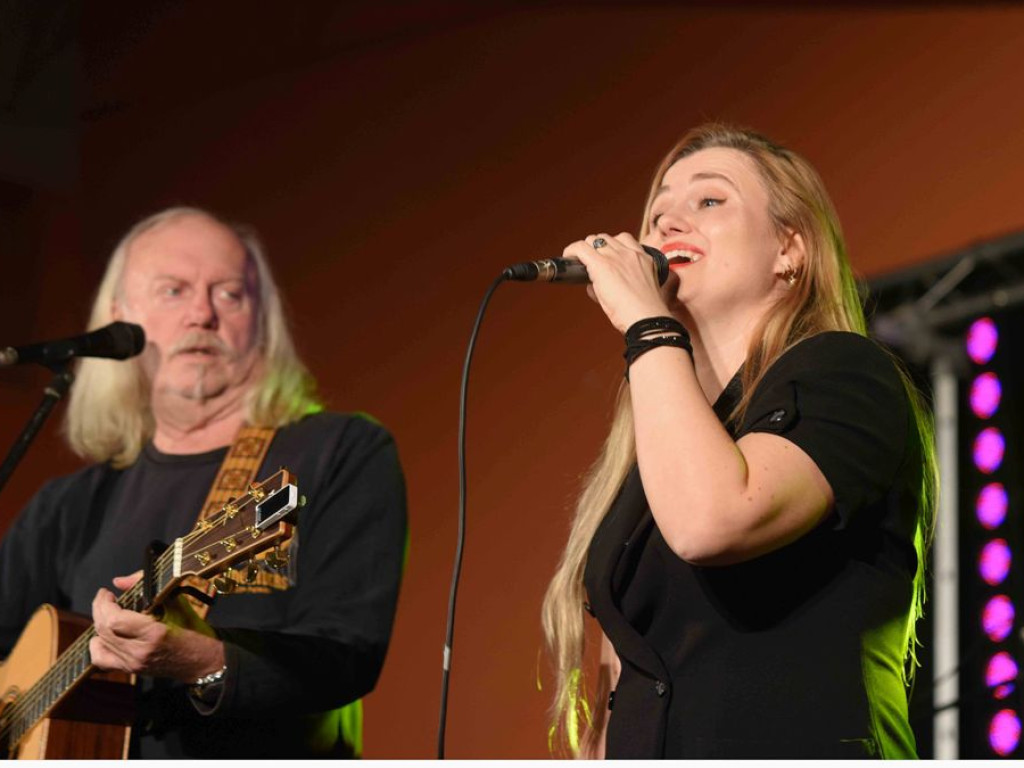 13. Kunowskie Zaduszki Muzyczne. Koncert Andrzeja i Mai Sikorowskich z zespołem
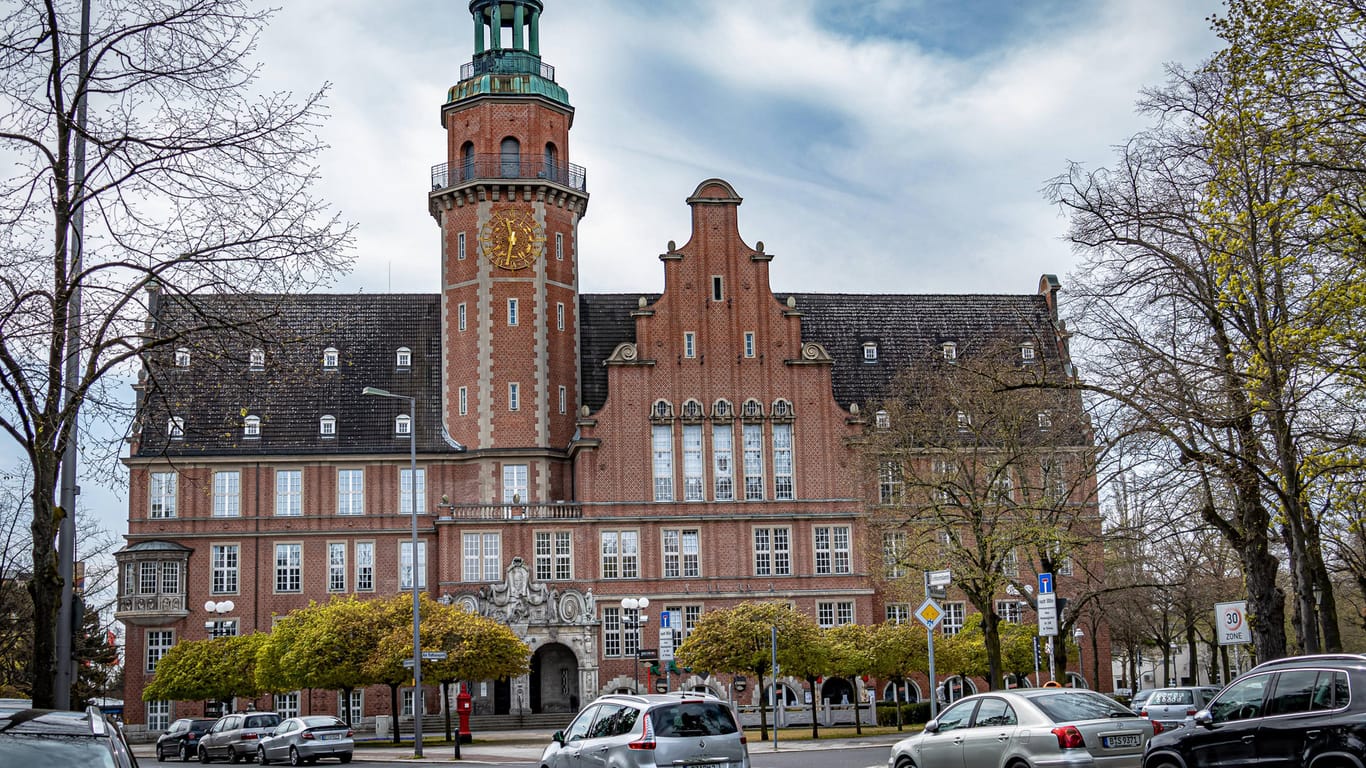 Blick auf das Rathaus Reinickendorf am Eichborndamm (Archivbild): Hier kam es am Montagmorgen zu einem Einbruch.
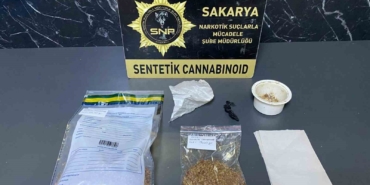 sakarya-emniyeti-zehir-tacirlerine-gecit-vermiyor-1-tutuklama-cn8qmI9v.jpg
■ ■ ■ ■ ■
Leaving the pictures out, output all of the listing exactly.

* [Written solution]:
 13. Kunowskie Zaduszki Muzyczne. Koncert Andrzeja i Mai Sikorowskich z zespołem
 Blick auf das Rathaus Reinickendorf am Eichborndamm (Archivbild): Hier kam es am Montagmorgen zu einem Einbruch.
 sakarya-emniyeti-zehir-tacirlerine-gecit-vermiyor-1-tutuklama-cn8qmI9v.jpg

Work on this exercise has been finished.